WORK TO COMPLETE:
Down to the last line, print the data that follows exactly, without its pictures.

DATA SEGMENT:
══════════════════════════════

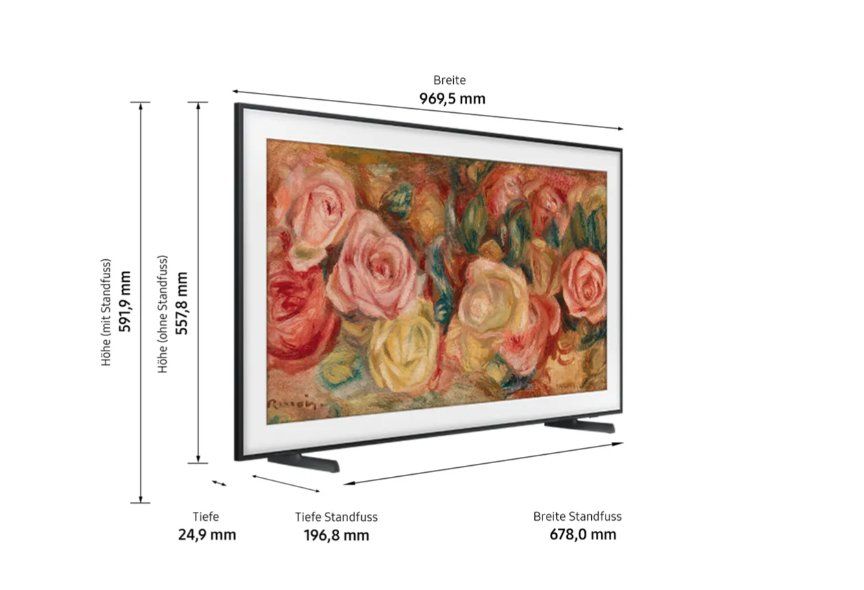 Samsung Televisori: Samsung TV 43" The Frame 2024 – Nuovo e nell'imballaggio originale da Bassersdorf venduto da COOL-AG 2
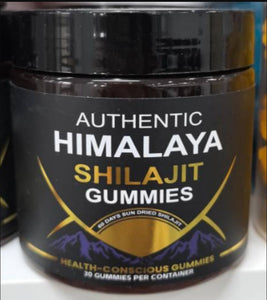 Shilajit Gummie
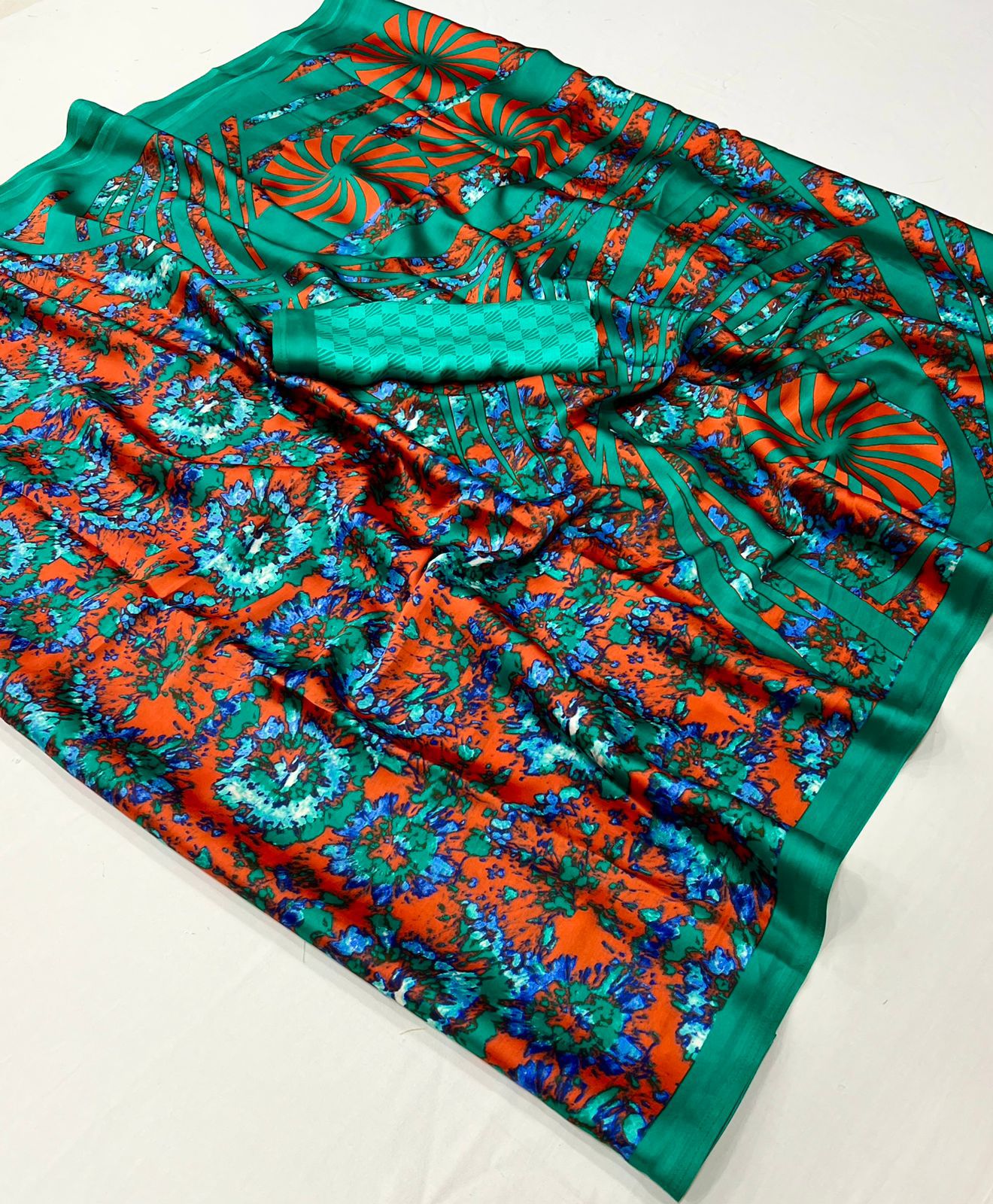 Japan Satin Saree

══════════════════════════════

RESULT FOR THIS EXERCISE:
 Samsung Televisori: Samsung TV 43" The Frame 2024 – Nuovo e nell'imballaggio originale da Bassersdorf venduto da COOL-AG 2
 Shilajit Gummie
 Japan Satin Saree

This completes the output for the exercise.